# How much smoke?



## freshmeat (Oct 22, 2009)

Not sure which forum this belongs so will post here.  Newbie here that has successfully knocked out boston butts, bb ribs, meatloaves, and fatties all based on internal meat temperatures.  

My question is, does a piece of meat reach a point where no further smoke is going to penetrate / enhance it...do you keep smoke rolling on all products till final temp is reached?  

I have used the 2-2-1 method on the bb ribs and understand that the time in foil will not deliver in any smoke flavor.   

I now know first couple of sessions I was delivering an overkill of smoke, more of a white billowy presence rather than the 'thin blue smoke'.
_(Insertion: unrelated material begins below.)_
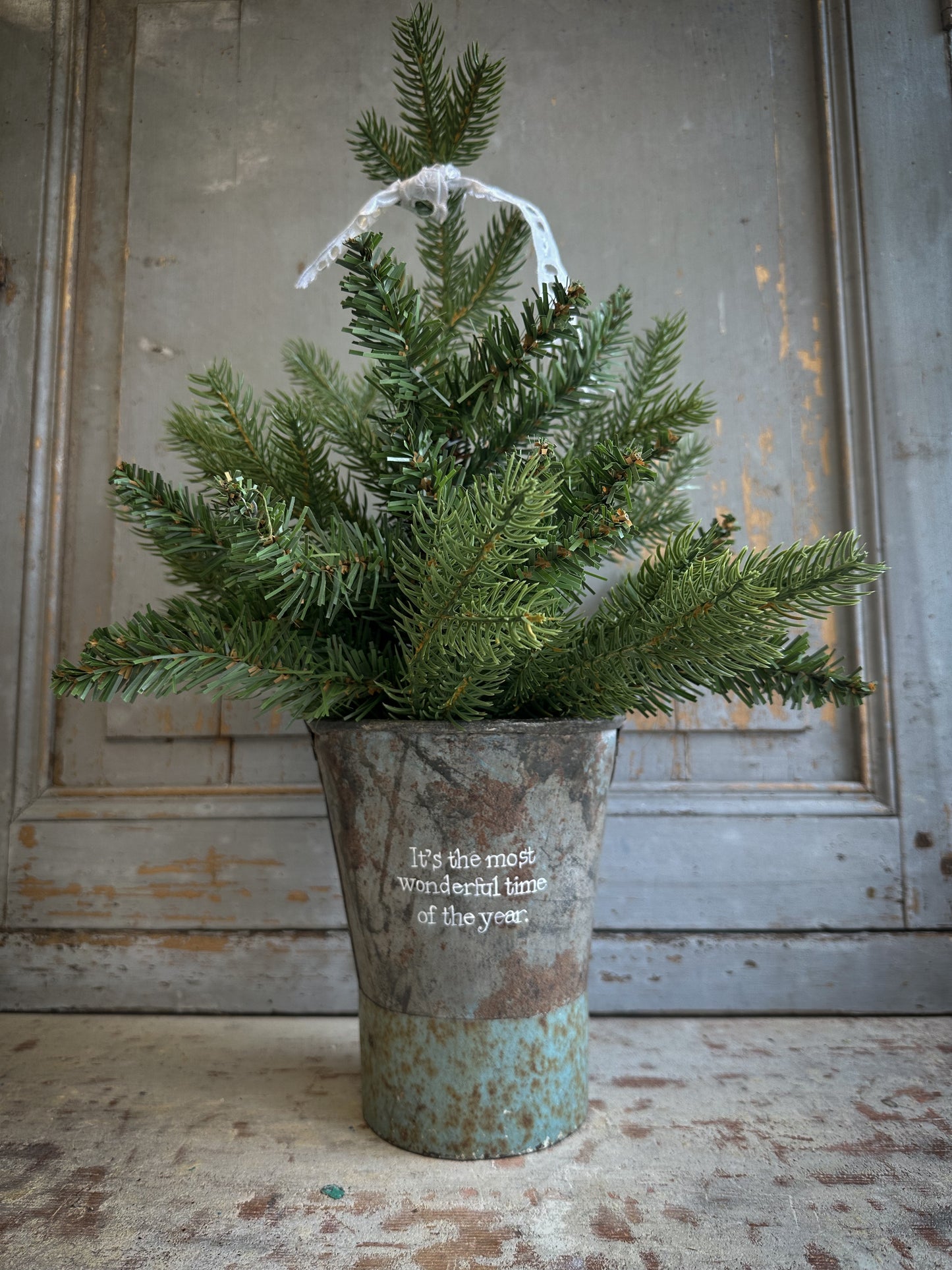 A Recycled Metal Mini Christmas Tree Bucket With A Hand Painted Quote
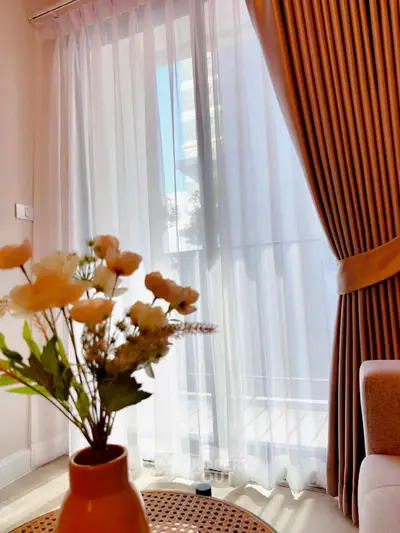 Bright living room with elegant curtains and a cozy seating area, perfect for relaxation.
I have yet to monitor my cooking chamber temps in order to compare the temp with smoke being produced vs. temp when no smoke is being produced.  Are these / should these be different?  (hehehe, while typing this guess I am doing some bb ribs this weekend and will chart temp of first 2 hours, stop smoke completely during 2 hour wrap and monitor.)

Thanks for all the help and inspiration (on this and previous lurking).


----------



## forluvofsmoke (Oct 22, 2009)

Hope this puts thing into better perspective...happy smokin'!

Eric


----------



## mballi3011 (Oct 22, 2009)

Not sure which forum this belongs so will post here. Newbie here that has successfully knocked out boston butts, bb ribs, meatloaves, and fatties all based on internal meat temperatures. 

My question is, does a piece of meat reach a point where no further smoke is going to penetrate / enhance it...do you keep smoke rolling on all products till final temp is reached? As afr as I know your meat will always except the smoke flavor during the whole smoke.

I have used the *2-2-1* method on the bb ribs and understand that the time in foil will not deliver in any smoke flavor. While you have the meat foile it will still get smoke flavor but just so little that you wont tell it. 

I now know first couple of sessions I was delivering an overkill of smoke, more of a white billowy presence rather than the 'thin blue smoke'.
You don't want the billowing white smoke you want the thin blue that everyone here speak of. The white is a bitter and nasty tasting smoke. You want to barely be able to see the smoke and it will be the smoke you want. As long as you can smell it your smoking.
I have yet to monitor my cooking chamber temps in order to compare the temp with smoke being produced vs. temp when no smoke is being produced. Are these / should these be different? (hehehe, while typing this guess I am doing some bb ribs this weekend and will chart temp of first 2 hours, stop smoke completely during 2 hour wrap and monitor.)
if you smoke your ribs at 225 you foil them and put them back in at 225 you don't raise the temp. What you are doing is tanderising the meat or just breaking down the connective tissues and then when you take them out of the foil you are just stiffing them up so they don't fall apart when transfering them to the platter or plate.
I hope that helped you with your up coming smokes.


----------